Get your medium-grain sandpaper ready. Now you’re all set. Start gently rubbing the limescaled area. Keep doing so until you get to the thinnest and last layer of limescale. Now, you don’t want to scratch your glorious toilet bowl, so now it’s time to crack out the fine-grain sandpaper. Use it to gently buff the area, slowly but surely getting rid of the nasty limescale. When you are done, flush the toilet to remove the residue. Proceed to clean your toilet as per usual.
2. How to remove limescale from your toilet with vinegar?
Pour a litre of white vinegar down the toilet bowl. Soak the toilet nicely, getting all the edges of the bowl. Leave to sit for a good 3-4 hours before moving on to the next step. Next, get a good toilet brush, scrubbing brush, or anything with a rough surface that is suitable for the job of scrubbing the toilet bowl. Scrub the afflicted area, and everywhere else, thoroughly while adding more vinegar. Now flush the loo to wash away all residue. Repeat this process until you’ve conquered the devilish limescale.
De-bunking Limescale Removal Myths
Now, there are a lot of limescale myths out there. That’s why we’re here today to let you know how NOT to remove limescale from your toilet. So, as far as we can see, there are 2 main limescale removal myths out there that we have tried and tested. They are a definite NO for toilet cleaning. Here are the top two most unreliable methods for removing limescale:
Removing limescale with bleach
Bleach is a trusty household friend. It helps with pretty much everything around the house. From grease stains, to darkened surfaces – bleach is your product for the job. But, unfortunately, this is not the case when it comes to limescale. When you use bleach on limescale it doesn’t remove it at all. It only lightens it, giving the illusion that it’s worked. This, in the long run, is far more dangerous to your toilet than helpful.

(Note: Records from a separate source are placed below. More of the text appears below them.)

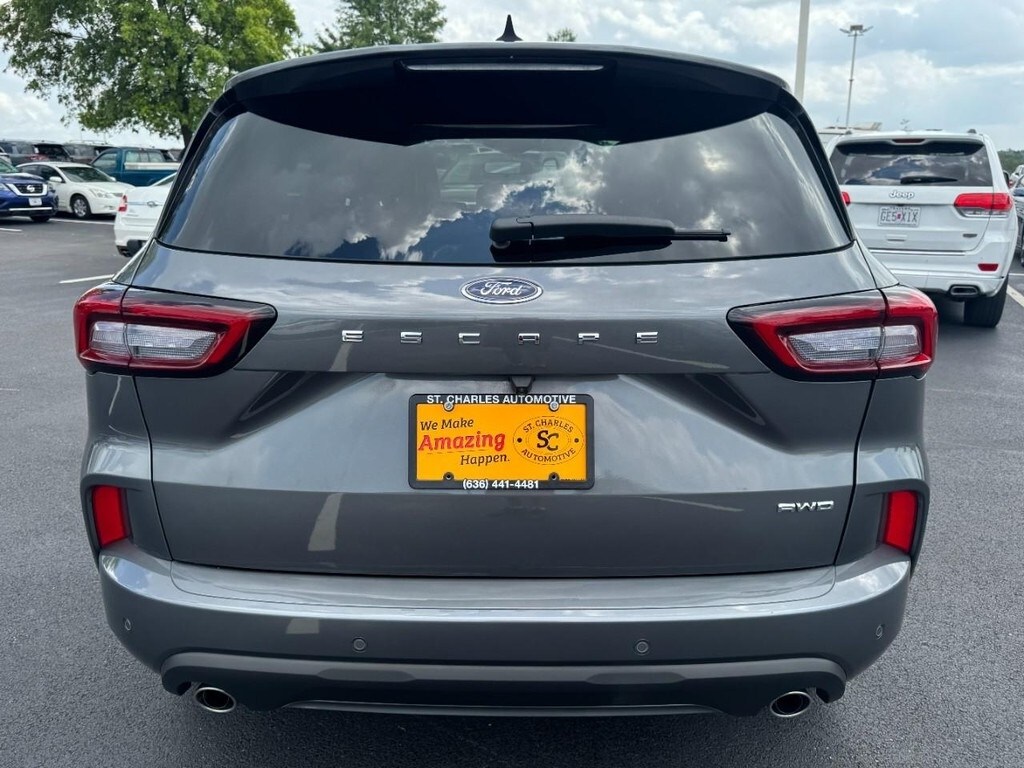 2024 Ford Escape ST-Line photo 3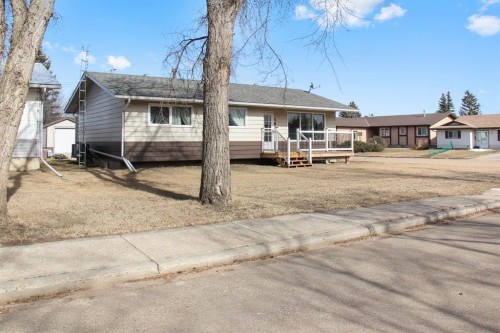 4801 48 Avenue, Forestburg, AB 
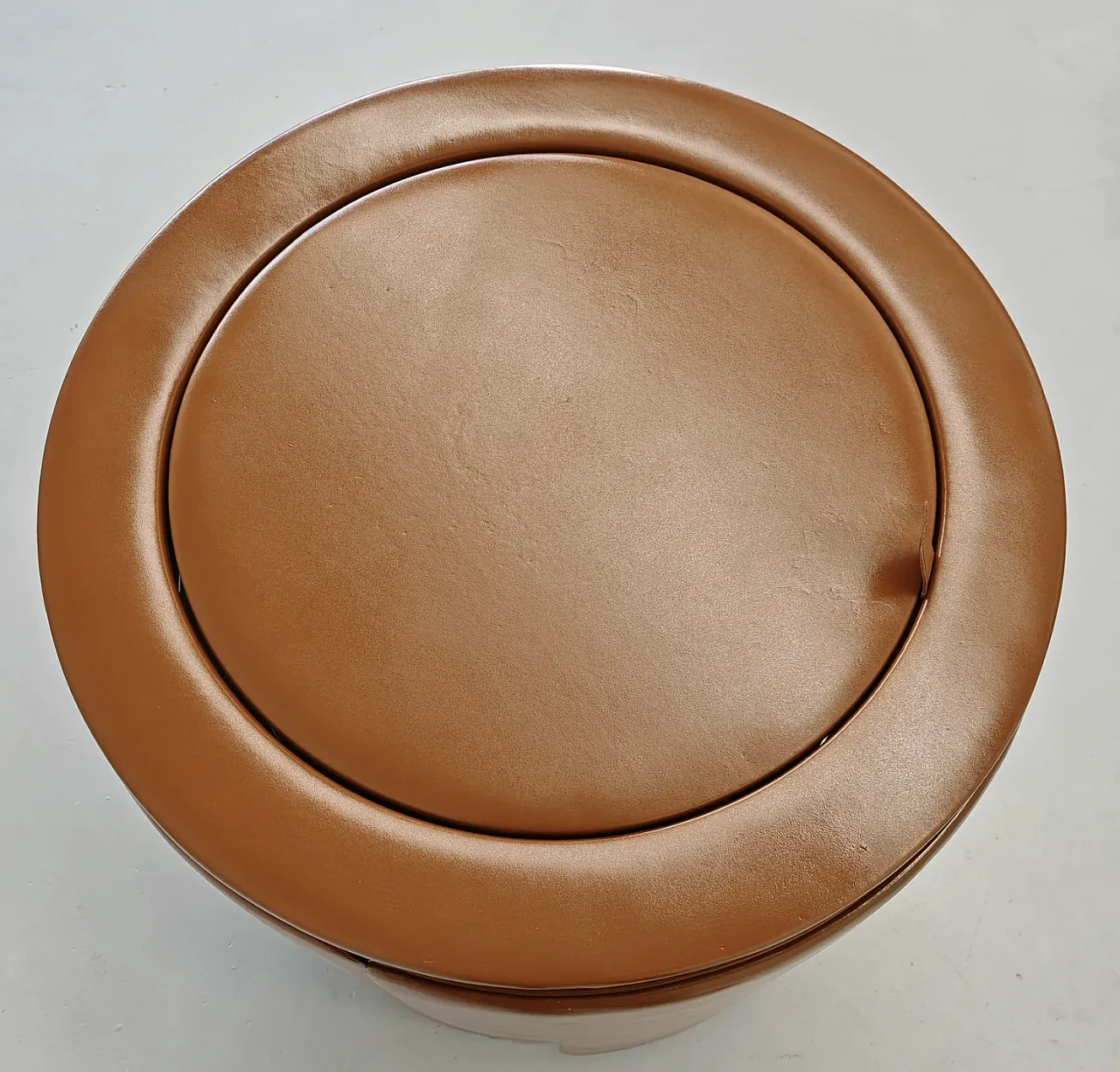 Dilly Dally leather vanity by Luigi Massoni for Poltrona Frau, 1970s 10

Built-up limescale can cause serious toilet blockage.
Removing limescale with Coca-Cola
This is another hard NO. When we tried coca-cola on the limescale stain, we were left with an even worse discolouration. The idea behind the coca-cola method is that the acidic nature will break down and get rid of the limescale. But, unfortunately, that’s not how it works. All you get is a more cola coloured limescale stain.